THE DATA →
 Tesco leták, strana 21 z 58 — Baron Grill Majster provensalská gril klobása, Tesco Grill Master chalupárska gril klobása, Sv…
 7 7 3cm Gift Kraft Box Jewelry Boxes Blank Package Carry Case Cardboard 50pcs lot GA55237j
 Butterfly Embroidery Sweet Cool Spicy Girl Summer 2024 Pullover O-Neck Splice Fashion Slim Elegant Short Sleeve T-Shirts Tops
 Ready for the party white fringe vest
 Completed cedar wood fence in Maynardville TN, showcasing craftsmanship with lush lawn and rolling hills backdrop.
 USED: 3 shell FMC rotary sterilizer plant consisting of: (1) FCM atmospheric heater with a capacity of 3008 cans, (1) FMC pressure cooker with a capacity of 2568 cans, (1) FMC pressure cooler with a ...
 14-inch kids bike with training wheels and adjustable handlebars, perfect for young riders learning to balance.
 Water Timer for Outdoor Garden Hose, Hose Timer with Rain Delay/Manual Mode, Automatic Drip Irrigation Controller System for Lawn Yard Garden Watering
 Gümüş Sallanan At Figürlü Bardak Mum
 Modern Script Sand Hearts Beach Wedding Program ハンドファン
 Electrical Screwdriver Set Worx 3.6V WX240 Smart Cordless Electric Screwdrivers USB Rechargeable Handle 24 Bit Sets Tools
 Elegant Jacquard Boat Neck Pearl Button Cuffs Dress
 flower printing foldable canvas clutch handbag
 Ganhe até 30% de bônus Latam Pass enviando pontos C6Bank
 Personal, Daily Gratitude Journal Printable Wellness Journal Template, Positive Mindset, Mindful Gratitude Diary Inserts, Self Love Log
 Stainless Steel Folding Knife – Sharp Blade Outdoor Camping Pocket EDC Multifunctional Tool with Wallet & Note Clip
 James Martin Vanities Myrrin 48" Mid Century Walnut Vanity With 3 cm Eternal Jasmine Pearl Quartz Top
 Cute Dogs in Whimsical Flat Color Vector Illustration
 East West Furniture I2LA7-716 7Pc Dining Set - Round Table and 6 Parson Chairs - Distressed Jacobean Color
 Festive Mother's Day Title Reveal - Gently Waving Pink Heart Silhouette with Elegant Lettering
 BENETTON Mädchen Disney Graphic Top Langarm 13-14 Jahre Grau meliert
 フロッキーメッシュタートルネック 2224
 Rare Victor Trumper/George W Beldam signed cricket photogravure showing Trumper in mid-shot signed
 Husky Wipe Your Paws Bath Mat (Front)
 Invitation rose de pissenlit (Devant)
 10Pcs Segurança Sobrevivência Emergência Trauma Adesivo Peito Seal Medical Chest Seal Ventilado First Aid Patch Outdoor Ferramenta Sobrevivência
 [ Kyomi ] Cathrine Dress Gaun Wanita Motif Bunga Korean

WHAT TO DO → Exactly reproduce the material above.

WRITTEN SOLUTION →
 Tesco leták, strana 21 z 58 — Baron Grill Majster provensalská gril klobása, Tesco Grill Master chalupárska gril klobása, Sv…
 7 7 3cm Gift Kraft Box Jewelry Boxes Blank Package Carry Case Cardboard 50pcs lot GA55237j
 Butterfly Embroidery Sweet Cool Spicy Girl Summer 2024 Pullover O-Neck Splice Fashion Slim Elegant Short Sleeve T-Shirts Tops
 Ready for the party white fringe vest
 Completed cedar wood fence in Maynardville TN, showcasing craftsmanship with lush lawn and rolling hills backdrop.
 USED: 3 shell FMC rotary sterilizer plant consisting of: (1) FCM atmospheric heater with a capacity of 3008 cans, (1) FMC pressure cooker with a capacity of 2568 cans, (1) FMC pressure cooler with a ...
 14-inch kids bike with training wheels and adjustable handlebars, perfect for young riders learning to balance.
 Water Timer for Outdoor Garden Hose, Hose Timer with Rain Delay/Manual Mode, Automatic Drip Irrigation Controller System for Lawn Yard Garden Watering
 Gümüş Sallanan At Figürlü Bardak Mum
 Modern Script Sand Hearts Beach Wedding Program ハンドファン
 Electrical Screwdriver Set Worx 3.6V WX240 Smart Cordless Electric Screwdrivers USB Rechargeable Handle 24 Bit Sets Tools
 Elegant Jacquard Boat Neck Pearl Button Cuffs Dress
 flower printing foldable canvas clutch handbag
 Ganhe até 30% de bônus Latam Pass enviando pontos C6Bank
 Personal, Daily Gratitude Journal Printable Wellness Journal Template, Positive Mindset, Mindful Gratitude Diary Inserts, Self Love Log
 Stainless Steel Folding Knife – Sharp Blade Outdoor Camping Pocket EDC Multifunctional Tool with Wallet & Note Clip
 James Martin Vanities Myrrin 48" Mid Century Walnut Vanity With 3 cm Eternal Jasmine Pearl Quartz Top
 Cute Dogs in Whimsical Flat Color Vector Illustration
 East West Furniture I2LA7-716 7Pc Dining Set - Round Table and 6 Parson Chairs - Distressed Jacobean Color
 Festive Mother's Day Title Reveal - Gently Waving Pink Heart Silhouette with Elegant Lettering
 BENETTON Mädchen Disney Graphic Top Langarm 13-14 Jahre Grau meliert
 フロッキーメッシュタートルネック 2224
 Rare Victor Trumper/George W Beldam signed cricket photogravure showing Trumper in mid-shot signed
 Husky Wipe Your Paws Bath Mat (Front)
 Invitation rose de pissenlit (Devant)
 10Pcs Segurança Sobrevivência Emergência Trauma Adesivo Peito Seal Medical Chest Seal Ventilado First Aid Patch Outdoor Ferramenta Sobrevivência
 [ Kyomi ] Cathrine Dress Gaun Wanita Motif Bunga Korean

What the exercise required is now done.